IL : Presque, mais pas complètement, parce qu’Isra était le premier que nous avons vu. Ce n’était pas un hasard, on nous avait parlé de lui. Mais si tu vois un mec incroyable tout de suite, tu penses qu’il y en aura d’autres. Donc nous avons vu encore 400 ou 500 enfants. La combinaison Isra et Cheíto était incroyable. Nous avons fait des tests avec eux, mais ils jouaient très mal et j’ai douté. D’autant qu’il y avait un autre garçon qui jouait très, très bien. J’ai même commencé à tourner avec les deux. Je pensais déjà que ce serait Isra mais je n’étais pas sûr, c’était un filet de sécurité. Je me souviens que pendant le casting, j’ai demandé à Isra s’il pouvait simplement regarder par la fenêtre. Il a regardé et c’était formidable. Je me suis dit que j’allais tourner avec lui et que si tout ne marchait pas bien, s’il ratait quelque chose, je travaillerais au montage, comme Koulechov. Mais dès qu’on a commencé à tourner, il a joué très, très bien, tout le temps.
D : Comment ça s’est passé au tournage ? Est-ce que vous travailliez les scènes en amont ? Est-ce qu’Isra et Cheíto avaient une part d’improvisation ?

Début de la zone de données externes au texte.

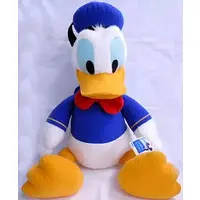 Plush - Disney / Donald Duck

IL : C’était un travail progressif. Par exemple, on savait qu’on voulait faire une séquence à l’école pour voir la tristesse d’Isra. On avait parlé avec son professeur et il nous avait dit qu’avant les vacances de Noël, il voulait rendre les évaluations et donner le classement des élèves. Il n’y avait qu’une possibilité de tourner ça, et on ne voulait pas faire jouer Isra dans cette séquence. Nous sommes allés plusieurs fois à l’école, avec Abel [García Roure], mon assistant, d’abord tout seuls, sans caméra, ensuite avec une petite caméra. Nous avions prévu du temps, un plan de tournage assez large pour être prêts le jour J, mais ça s’est très bien passé et dès le deuxième jour à l’école, nous avons pu filmer. Le matériel, la caméra, les micros ne les impressionnaient pas. Très vite, nous avons tourné des choses qui sont dans le film.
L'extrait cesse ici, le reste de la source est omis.